The first adopters of EBXML in the UK will be in the food service sector, as early as this summer, Weatherby said.
More than 60 million food service orders are made each year using manual processes, such as phone and fax, and e.centre estimates these orders will be transferred to EBXML within two to four years. "EBXML can support a much broader range of electronic transactions, increasing the total number of potential transactions six-fold," said Dave Weatherby, senior executive for product marketing at e.centre.
The interoperability tests, based on specifications from the Organisation for the Advancement of Structured Information Systems, will promote EBXML as a standard for users in the UK and beyond, said e.centre.
XML software providers, Perwill, SAA and XML Global, have successfully completed the first phase of the trials, which tested the core functionality of the suppliers' products.

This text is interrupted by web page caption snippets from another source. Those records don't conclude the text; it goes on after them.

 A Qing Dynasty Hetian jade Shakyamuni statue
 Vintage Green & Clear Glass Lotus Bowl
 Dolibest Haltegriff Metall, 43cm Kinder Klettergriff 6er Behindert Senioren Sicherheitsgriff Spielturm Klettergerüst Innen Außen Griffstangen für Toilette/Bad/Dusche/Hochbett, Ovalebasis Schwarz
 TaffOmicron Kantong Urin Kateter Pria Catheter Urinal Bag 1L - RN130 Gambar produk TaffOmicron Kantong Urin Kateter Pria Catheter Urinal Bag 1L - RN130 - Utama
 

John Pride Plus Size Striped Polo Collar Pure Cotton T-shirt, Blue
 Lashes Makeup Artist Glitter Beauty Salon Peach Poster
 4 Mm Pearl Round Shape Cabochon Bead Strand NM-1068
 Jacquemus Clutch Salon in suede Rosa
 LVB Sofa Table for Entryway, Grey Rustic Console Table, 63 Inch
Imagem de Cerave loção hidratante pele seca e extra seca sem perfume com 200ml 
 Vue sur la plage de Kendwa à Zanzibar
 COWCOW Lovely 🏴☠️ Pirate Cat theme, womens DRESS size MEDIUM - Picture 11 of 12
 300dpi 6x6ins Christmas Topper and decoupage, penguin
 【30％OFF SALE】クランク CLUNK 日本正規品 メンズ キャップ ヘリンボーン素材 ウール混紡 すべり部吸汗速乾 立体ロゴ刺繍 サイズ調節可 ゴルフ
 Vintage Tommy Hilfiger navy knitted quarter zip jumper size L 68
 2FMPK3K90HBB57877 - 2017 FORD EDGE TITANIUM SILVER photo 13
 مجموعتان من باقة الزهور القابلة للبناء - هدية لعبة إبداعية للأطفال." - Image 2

This is a key step towards increased XML take-up, said Weatherby.
"If the [XML] market is to take off, it has to be interoperable otherwise the credibility of the software is damaged," he said. "This is proof that the concept can work."
The project will also benefit smaller companies which have not been able to take advantage of electronic data interchange, the traditional messaging standard, said Peter Jordan, director of IS strategic projects at Kraft Foods, which has signed up to the EBXML project.
"It will open the door for smaller companies, helping them improve communication," he said.